„Die Räuber“ von Friedrich Schiller
am Bayerischen Staatsschauspiel München, Regie Andras Fricsay und Kali Son
Sturm und Drang
als Horrorvision
Auf dem deutschen Theater hat
Friedrich Schiller, so scheint es, heutzutage keine Chance. Die Berliner
Volksbühne bot die „Räuber" jüngst als Hanswurstiade an. Das Bayerische
Staatsschauspiel München präsentierte sie jetzt — am gleichen Ort gastspielend —
als hysterische Haupt- und Staatsaktion.
In einer Zeit, in der die Nation
nicht mehr nur als Fiktion behauptet wird, sondern als Realität neu ins Leben
tritt und allerorten von den intim Beteiligten begeistert begrüßt wird,
reagiert das Theater ausgesprochen abwartend. Keinerlei Euphorie jedenfalls im
Umgang mit einem Nationalautor.
Dem Karl Moor (Daniel Friedrich) des
Prinzregententheaters kommen Tränen der Rührung, wenn seine Mannen „Am Brunnen vor dem
Tore" singen. Er stellt sich den Behörden nicht. Er bringt Harmonie in die
Welt, indem er — in einer
minutiös perfekten Pantomime — seine treue Räuberbande gnadenlos killt und dann
die Maschinenpistole ins Publikum richtet, etwas hochgezogen, dorthin, wo die
Ränge sind. Schiller hatte sich das ganz zweifellos so nicht gedacht.
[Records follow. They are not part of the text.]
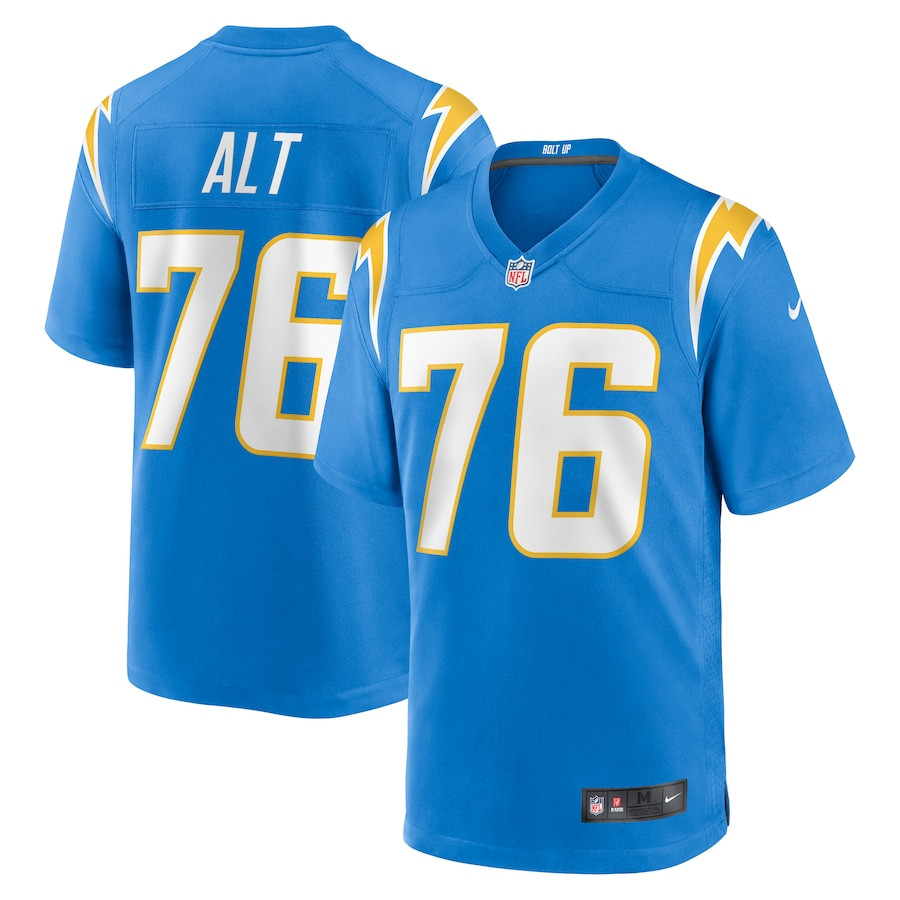 Joe Alt 76 Los Angeles Chargers Player Game Men Jersey - Powder Blue Js9808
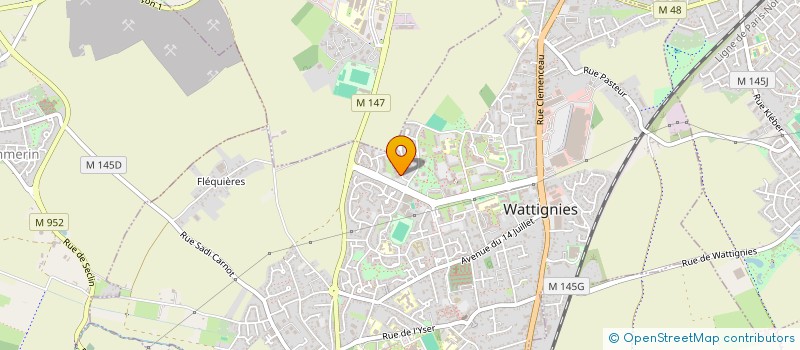 localisation de l'entreprise MONSIEUR PAUL SAMMIEZ  WATTIGNIES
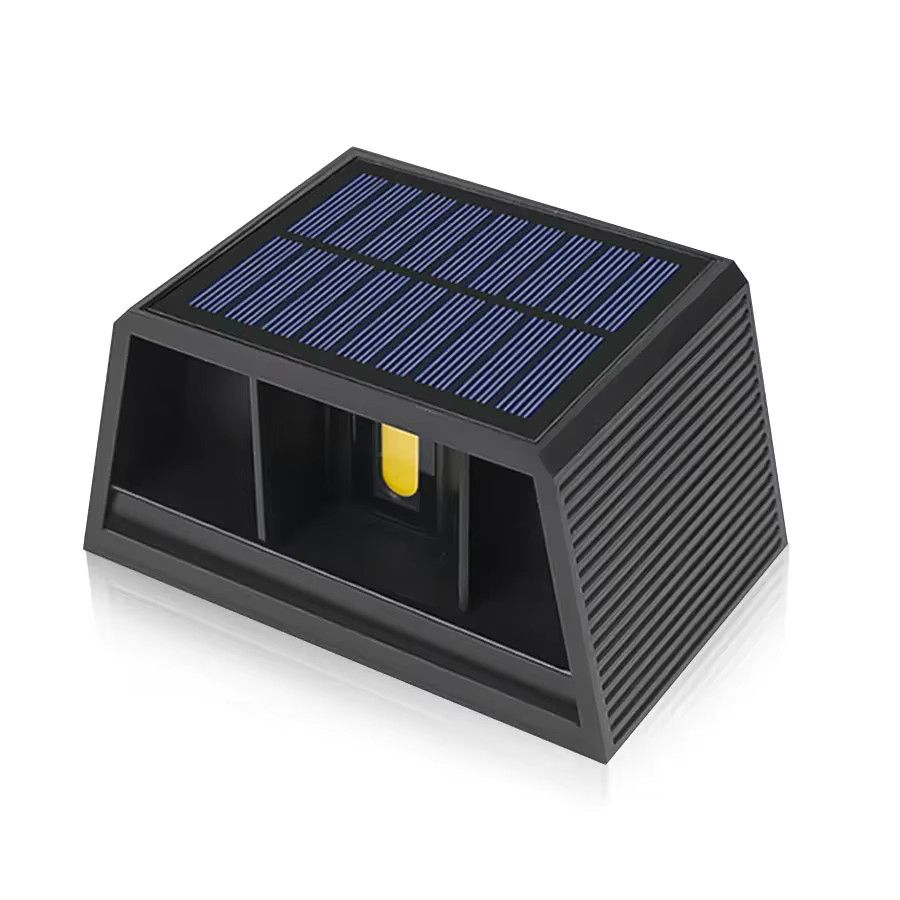 ATcomm LED Solar Wandleuchte Up und Down Outdoor Beleuchtung in Schwarz aus ABS - Bild 7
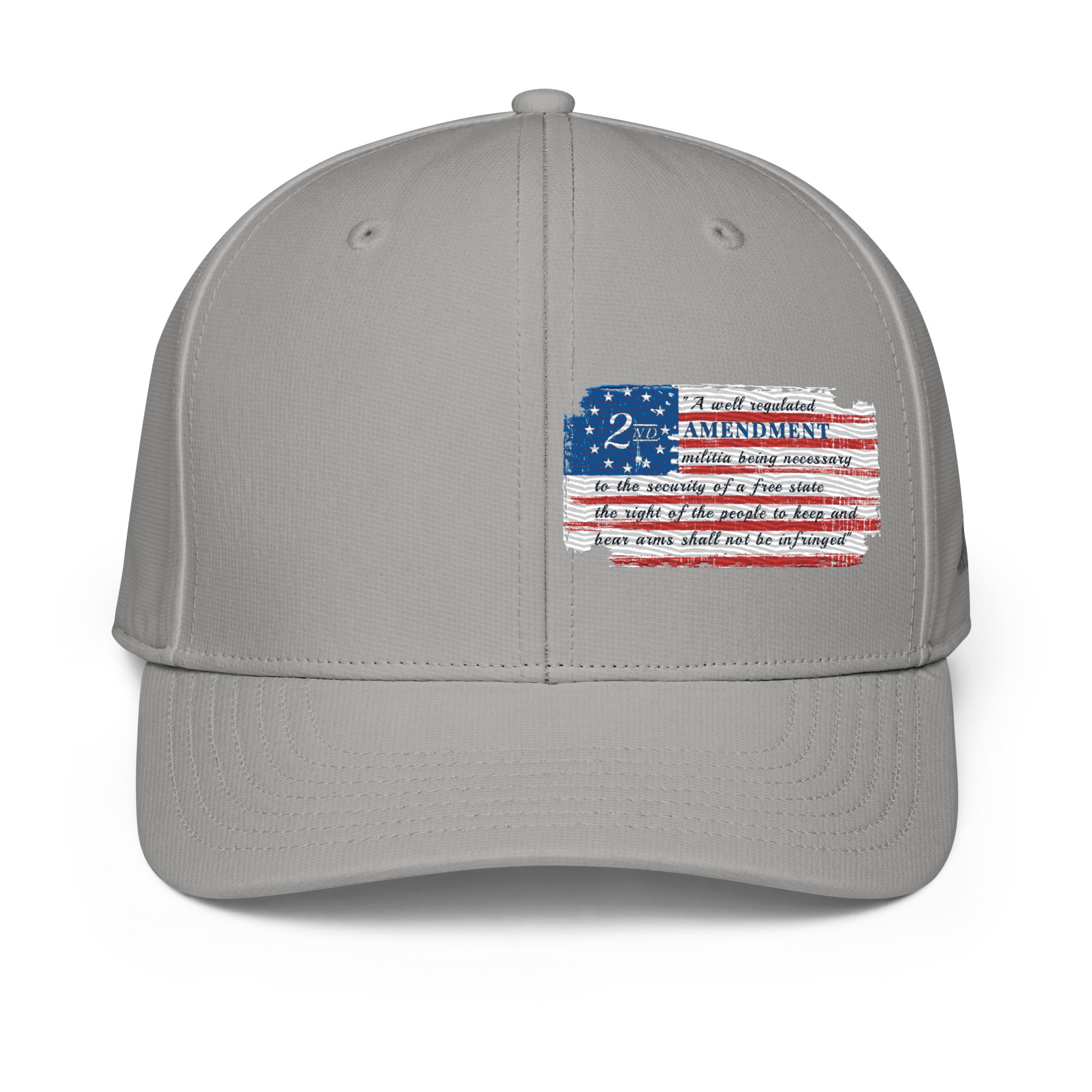 Constitutes - 2A Flag Political Cap. Sterling Gray. Shall Not Be Infringed.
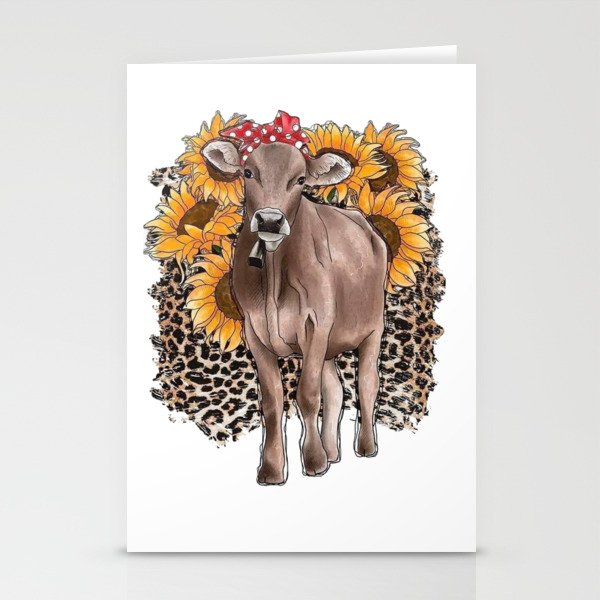 Cute Cow  print hey dudes Stationery Cards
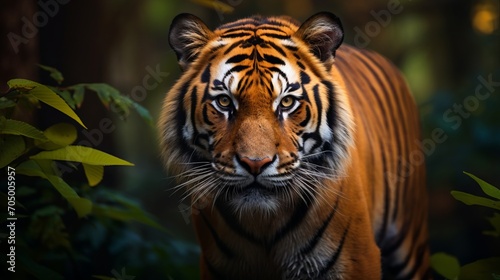 Majestic Tiger Portrait in HD 8K Wallpaper AI Generated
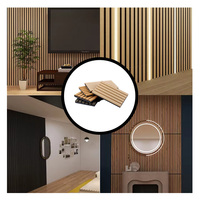 Akupanel mural à lattes en MDF de taille personnalisée Panneaux acoustiques en PVC insonorisés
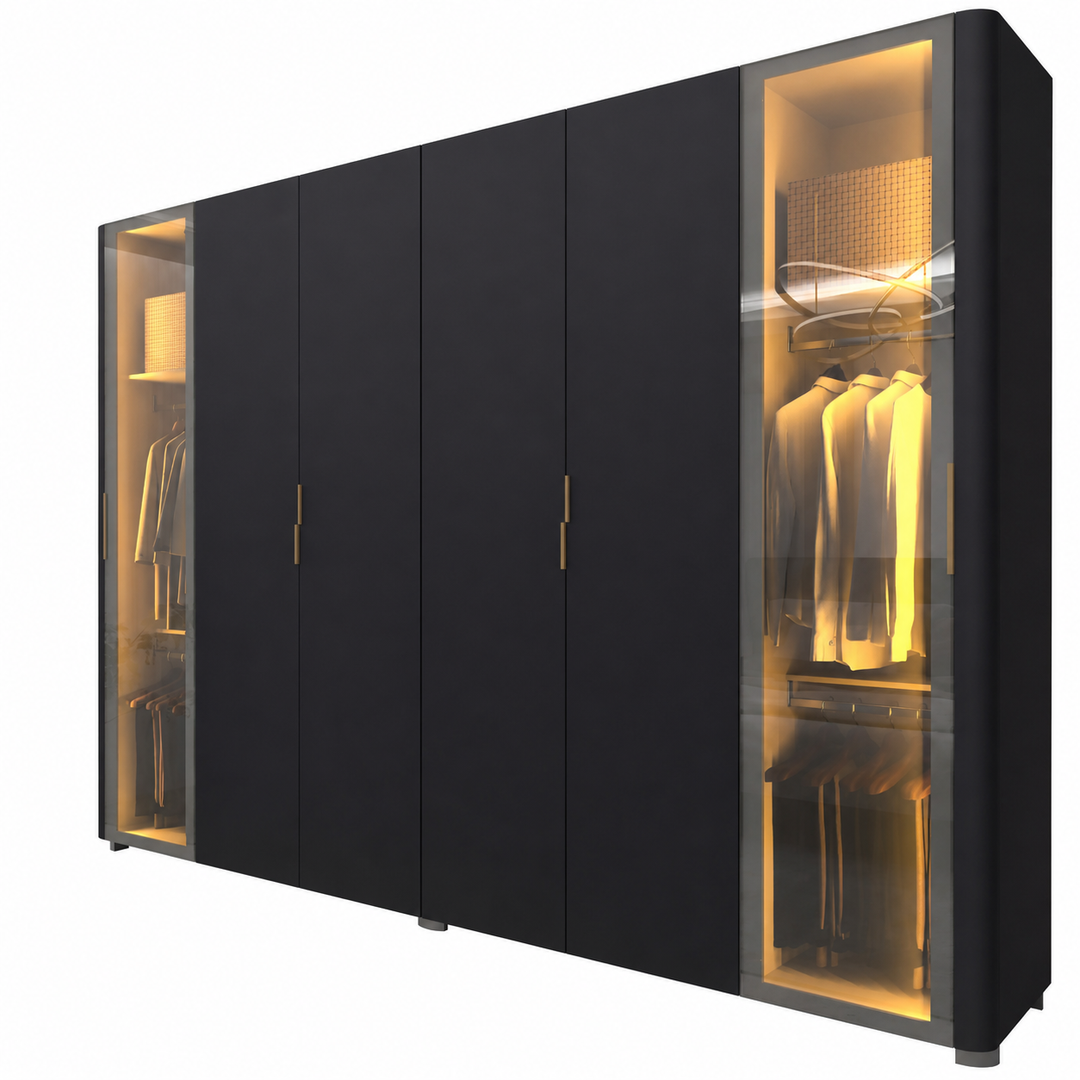 Innova 6-Door Wardrobe with 2 Reflecta Doors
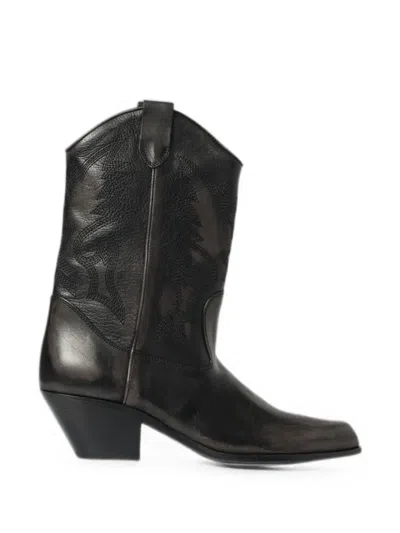 Vic Matie Contrast-stitch Cowboy Boots In Brown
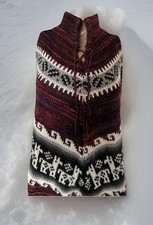 100 Alpaca Fina Traditional Poncho Peruvian Andean Aztec Bohemian Fringe Collar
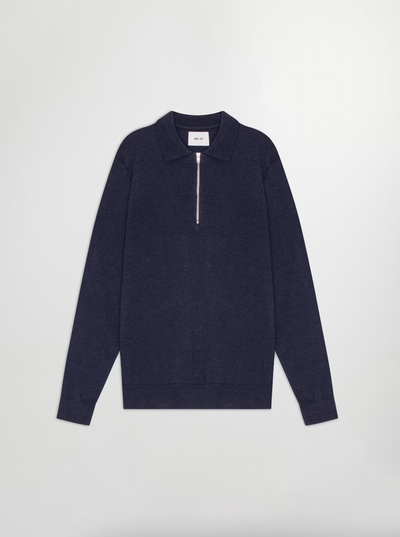 Sergio Zip Polo-Navy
Man verzeihe mir meine Rückerinnerung an den Dichter. Wie
die Version der Regisseure Andras Fricsay und Kali Son letztlich zu deuten sei,
ist selbstverständlich jedem Zuschauer vorbehalten. Da der Münchner Karl, der
vorher seine Amalia (Esther Hausmann) erstochen hat, selbst offenbar zu
überleben gedenkt, könnte die Regie — so ich mich da noch einmal einmischen
darf — die Ankunft eines schlimmen Tyrannen
signalisieren wollen.
Aber wozu sich im Theater noch einen Kopf
machen? Schlüssige Fabel wird ja ohnehin nicht mehr so gern erzählt. Obwohl die
Regisseure, das sei festgehalten, die Entscheidungspunkte des Karl — hin zur
Bande, weg von der Bande — kräftig ausspielen lassen.
Die Aufführung sucht im übrigen
Wirkung mit permanent theaterndem Aktionismus. Abstruse Handgreiflichkeiten
sind ihr Markenzeichen. Fortwährend kracht und poltert es. Eben so richtig
räubermäßig. Aber die Banditen und ihre Bräute (!) gehen sich nicht nur andauernd
an die Wäsche. Sie rennen und rammen wie eingesperrte Raubtiere konvulsiv mit
ihren Körpern, auch Köpfen, gegen die Stahlwände ihrer Feste (Bühnenbild: Jörge
Vilarreal).
Da anfangs per Bildschirm kurz von
Goebbels und vom Glauben an den Endsieg die Rede ist, hatte man vermutet, einen
Fingerzeig zur Zeit bekommen zu haben. Aber — zeigt sich — diese brüllende und
tobende Horde ist zeitlos. Sie scheint irgendwie der asoziale Auswurf aller
Zeiten — und Karl hat guten Grund, sie am Ende zu liquidieren?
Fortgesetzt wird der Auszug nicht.